On a CNN panel Wednesday, media reporter Brian Stelter framed Trump’s moves as the real possibility of “creeping authoritarianism.”

“Having just a YouTube channel where the president puts out his message, unfiltered, that has a downside,” said Alisyn Camerota. “Just ask the people in Russia.”

“And even if you embrace it in President Trump’s time,” Stelter replied, “You’re not gonna like it when the Democrats are back in power, back in the White House.”

Look, I’d prefer regular press conferences, and if all we had was a YouTube channel for Trump, that’d be a problem. But that’s not where we are. I’m old enough to remember when the president had an entire YouTube channel devoted to his weekly “news” show, put out by his press shop, and almost no one bemoaned his manufacturing of fake news or the inevitable extinction of journalism at his hands.

In fact, President Obama’s “West Wing Week” and its creator Arun Chaudhary were profiled in the New York Times with personable descriptions— New Balances and “askew” suits!— and kindly euphemism. The Obama White House was the first to have a videographer—”part documentarian, part White House-message-machine post.” Chaudhary made this “signature production” in his capacity as “reporter and promoter.” Yep, reporter. He has an “artsy bent” and a “ragtag operation,” and the president kids him about his scruffy hair. Charming.

The 2010 piece managed to dig up one semi-critical quote from media or media critics about this wholesale creation of propaganda:

“It is a little disconcerting to think we’re going to have these tools that are so powerful in the hands of the people who also happen to be the most powerful people in the country,” said Nancy Scola, the associate editor of techPresident, a blog that covers technology and the federal government. “The Obama administration has expanded the use of new media at the same time as it’s freezing out old media.”

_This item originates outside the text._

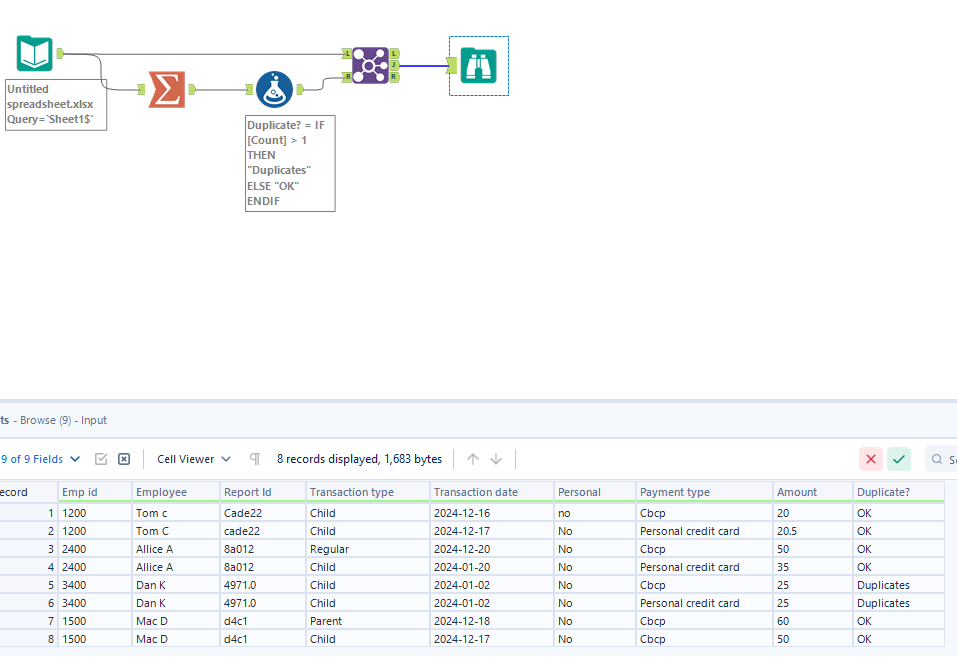 Duplicate items - Alteryx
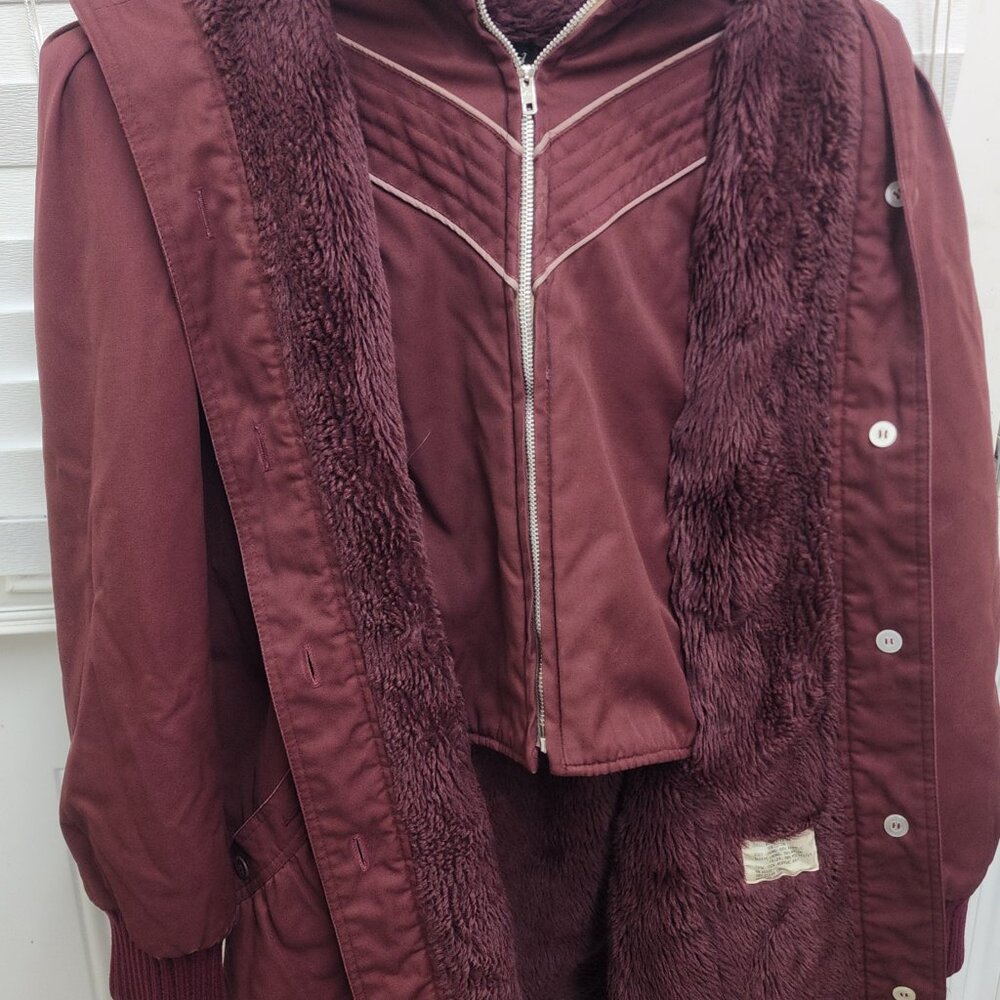Women's Mod Maid Maroon Coat Jacket S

Elsewhere, Obama was similarly praised for his innovative ways of “skirt[ing] traditional media” and “routing around the filters and gatekeepers so that he can speak directly to voters” and “bypass media framing.”

Listen to this 2013 NPR report on Obama’s “non-traditional” approach for a sense of the difference in tone. This gentle piece of journalism came, by its own admission, more than three years since Obama had sat for an interview with the New York Times or the Washington Post, while the discussion of Trump’s alleged assault on the press came the same week he sat for an hour with the Times.

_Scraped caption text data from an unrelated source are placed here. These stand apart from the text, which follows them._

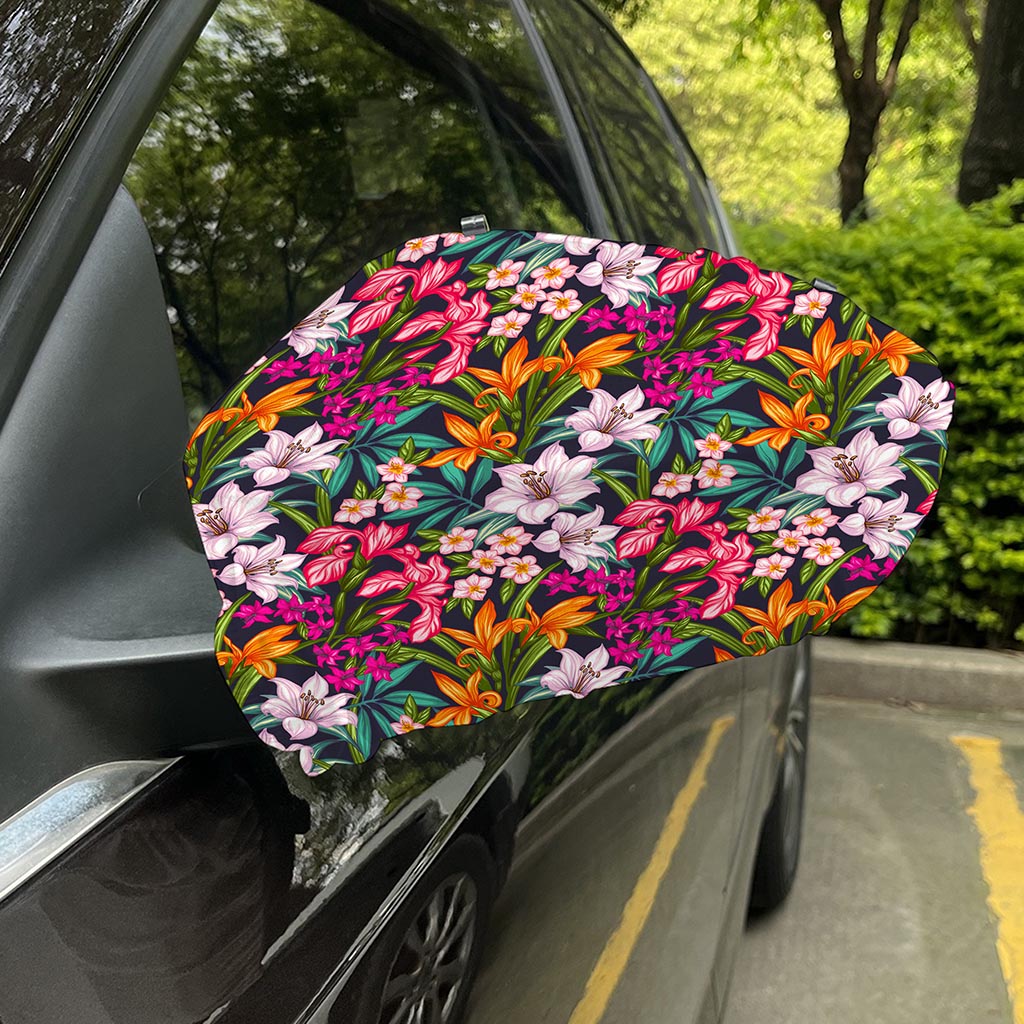 Tropical Flowers Pattern Print Car Side Mirror Covers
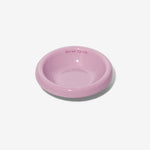 Light purple stoneware pet bowl, shallow round dish with glossy finish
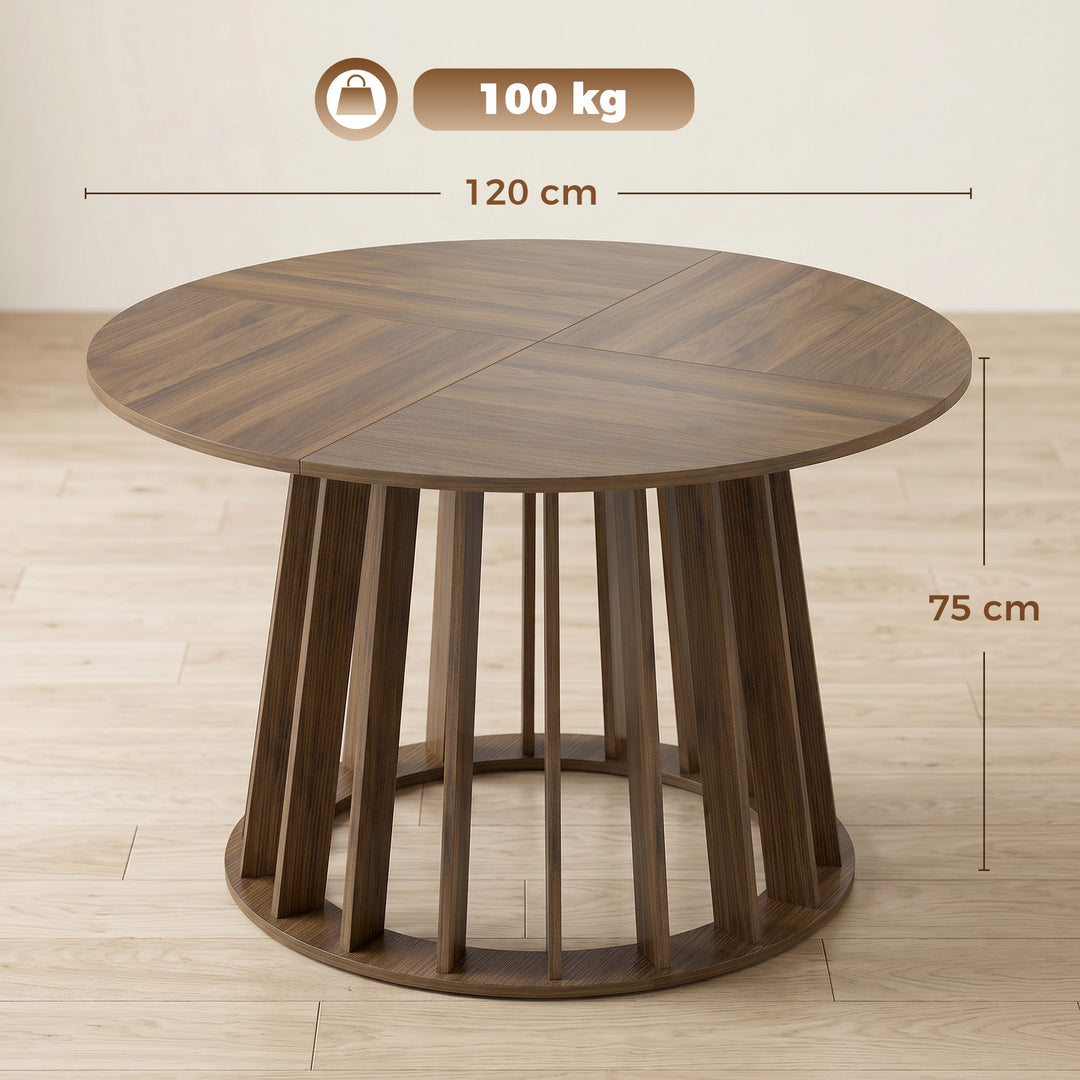 Dining Table for 4-6 People Modern Kitchen Table with Slatted Base 120
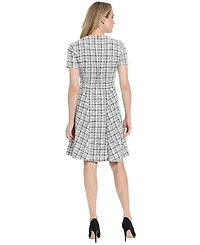 London Times Petite Short Sleeve Fit and Flare Dress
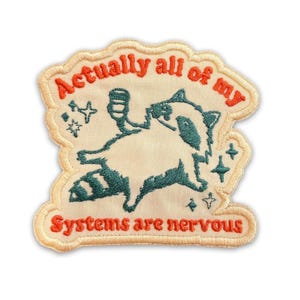 Funny Raccoon Meme Animal Cute, Iron On-Sew On Embroidery Patches For Backpack Hat Dog Harness Gifts Mom Dad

Trump has his faults, but lack of accessibility isn’t really one of them. He loves to talk to media, and yes, he will seek to shape the rules to his advantage and reach people in non-traditional ways, just as Obama did. Between 2007 and 2016, much of the press considered this a story of evolving technology and communication. But what used to be an interesting challenge that had media “scrambling to stay in the game” against an innovative, young president is now a grave threat. Somewhere in between is probably the correct assessment, and swinging between admiration and fear depending on the president doesn’t create better coverage or earn more trust from readers.